Deleted bike scene from Slacker … ? pic.twitter.com/egoTeSlf0e
— Marty (@BBrosMarty) April 24, 2023
Meanwhile, Aaron Chamberlain biked the I-35 “Hell Route” from Austin to San Antonio for Texas Monthly. (He previously rode every street in Austin and circumnavigated the entire state of Texas.) He writes:
Everyone wants to ride the best routes. The beautiful routes. The fewer cars the better. Sure, I do too. But what about these poor routes? Who will ride them? I almost feel a responsibility to ride them.
This ethos reminded me a bit of the skateboarders I’ve read about, who take the ugly or invisible parts of the city and turn them into a playground.
Aaron recently tipped me to this skate video, victims of boredom, by Igna, a local Austin skater and filmmaker who is still in high school. I found myself mesmerized by it, for at least two reasons: one, it just delights me that there are teenagers out there cutting it up like this and making trouble (I find the title ironic, as these kids seem like conquerers of boredom), and two, one of my favorite things about biking in Austin is that it gives me glimpses of a city I’ve never really seen.

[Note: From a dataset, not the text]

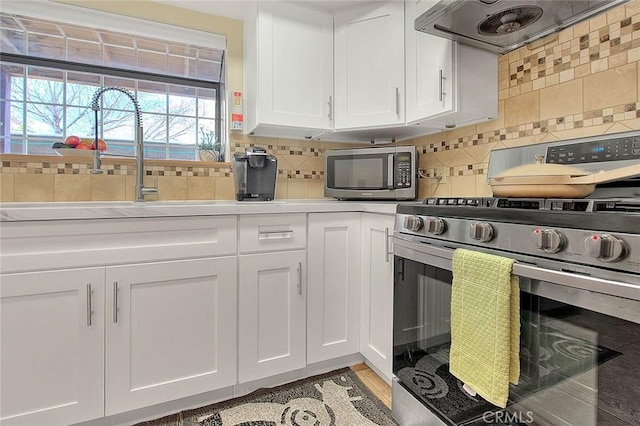 4018 W 5th St Unit J, Santa Ana, CA 92703 - kitchen featuring tasteful backsplash, a sink, stainless steel appliances, white cabinetry, and range hood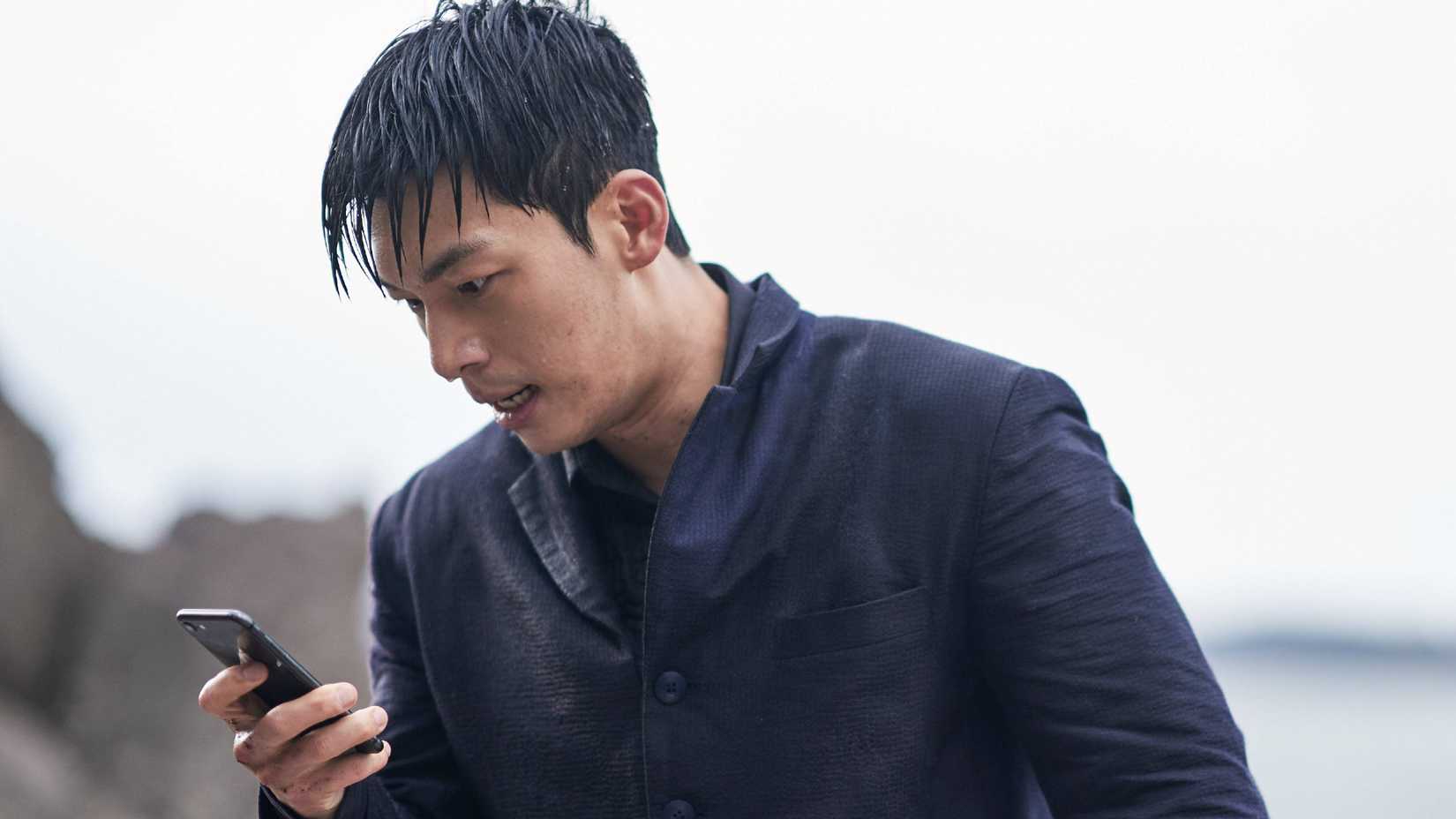 Wi Ha-jun as Hwang Jun-ho holding his phone in Squid Game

This video does the same.

Meg and I had an amazing morning yesterday out in Elgin at Austin Wildlife Rescue: we got to spend some time up close with Thurston, a 4-year-old eastern screech owl, just like the Coconuts who live in our back yard.

One thing you might notice is just how tiny Thurston is! The screech owls look larger than life through the spotting scope, but they’re just itty bitty raptors.
Here’s a comparison of our screech owls to the famous Flaco, the eagle owl now loose in Central Park:

What’s funny about this is that one reason I love looking at pictures of the magestic Flaco is that I recognize so many of the postures and behaviors I’ve seen from my little owls:

I don’t know why this pleases me so much, this juxtaposition of the grand Flaco with the more modest but still majestic Coconut. Finding majesty in the mundane is one of my favorite things, I guess. The little behavior the same as the big behavior. (And I think a lot about how photography scales — big and small scale to the same size on the phone screen.)
It’s like Hedda Sterne said: “For the sublime and the beautiful and the interesting, you don’t have to look far away. You have to know how to see.”